> **Web page caption snippets**
Content starts

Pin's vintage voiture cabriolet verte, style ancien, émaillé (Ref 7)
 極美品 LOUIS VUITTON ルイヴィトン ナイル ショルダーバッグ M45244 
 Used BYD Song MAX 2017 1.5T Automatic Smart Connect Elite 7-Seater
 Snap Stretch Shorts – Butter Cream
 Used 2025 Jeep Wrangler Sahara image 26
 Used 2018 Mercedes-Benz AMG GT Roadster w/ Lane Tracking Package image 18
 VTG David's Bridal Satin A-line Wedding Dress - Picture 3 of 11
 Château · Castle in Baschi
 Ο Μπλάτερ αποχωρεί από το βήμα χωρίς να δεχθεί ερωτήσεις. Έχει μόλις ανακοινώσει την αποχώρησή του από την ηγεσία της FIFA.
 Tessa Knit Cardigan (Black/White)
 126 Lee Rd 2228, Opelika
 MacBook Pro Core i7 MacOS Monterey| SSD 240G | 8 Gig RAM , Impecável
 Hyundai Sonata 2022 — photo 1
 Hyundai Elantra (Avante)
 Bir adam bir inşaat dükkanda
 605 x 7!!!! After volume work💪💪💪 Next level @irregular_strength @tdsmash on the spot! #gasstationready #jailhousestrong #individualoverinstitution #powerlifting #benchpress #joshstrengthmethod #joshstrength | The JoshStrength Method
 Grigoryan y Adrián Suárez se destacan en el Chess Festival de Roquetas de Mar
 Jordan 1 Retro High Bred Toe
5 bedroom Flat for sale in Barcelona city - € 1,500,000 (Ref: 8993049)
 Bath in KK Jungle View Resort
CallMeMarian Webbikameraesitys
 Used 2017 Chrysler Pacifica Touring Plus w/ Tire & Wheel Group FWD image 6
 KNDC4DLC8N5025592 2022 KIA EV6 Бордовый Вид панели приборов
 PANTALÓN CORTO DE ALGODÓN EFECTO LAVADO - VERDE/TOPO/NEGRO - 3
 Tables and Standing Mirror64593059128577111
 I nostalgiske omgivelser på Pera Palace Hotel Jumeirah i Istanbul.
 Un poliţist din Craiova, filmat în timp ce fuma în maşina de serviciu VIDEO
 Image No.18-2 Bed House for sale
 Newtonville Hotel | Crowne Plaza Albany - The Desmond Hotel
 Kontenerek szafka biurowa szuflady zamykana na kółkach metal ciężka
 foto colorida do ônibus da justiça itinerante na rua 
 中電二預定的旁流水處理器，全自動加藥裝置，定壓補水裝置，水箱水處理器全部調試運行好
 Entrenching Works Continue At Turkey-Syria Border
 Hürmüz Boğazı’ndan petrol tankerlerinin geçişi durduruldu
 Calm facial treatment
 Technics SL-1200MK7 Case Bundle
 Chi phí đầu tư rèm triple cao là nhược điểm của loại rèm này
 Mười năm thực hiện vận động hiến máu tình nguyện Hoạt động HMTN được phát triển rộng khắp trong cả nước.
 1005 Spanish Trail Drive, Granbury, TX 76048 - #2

Content ends

> **Task to carry out**
Could you write out, exactly as they stand, only the lines above that begin at the line with "PANTALÓN CORTO DE" and stop after the line with "Chi phí đầu"?

> **Solution to the problem**
 PANTALÓN CORTO DE ALGODÓN EFECTO LAVADO - VERDE/TOPO/NEGRO - 3
 Tables and Standing Mirror64593059128577111
 I nostalgiske omgivelser på Pera Palace Hotel Jumeirah i Istanbul.
 Un poliţist din Craiova, filmat în timp ce fuma în maşina de serviciu VIDEO
 Image No.18-2 Bed House for sale
 Newtonville Hotel | Crowne Plaza Albany - The Desmond Hotel
 Kontenerek szafka biurowa szuflady zamykana na kółkach metal ciężka
 foto colorida do ônibus da justiça itinerante na rua 
 中電二預定的旁流水處理器，全自動加藥裝置，定壓補水裝置，水箱水處理器全部調試運行好
 Entrenching Works Continue At Turkey-Syria Border
 Hürmüz Boğazı’ndan petrol tankerlerinin geçişi durduruldu
 Calm facial treatment
 Technics SL-1200MK7 Case Bundle
 Chi phí đầu tư rèm triple cao là nhược điểm của loại rèm này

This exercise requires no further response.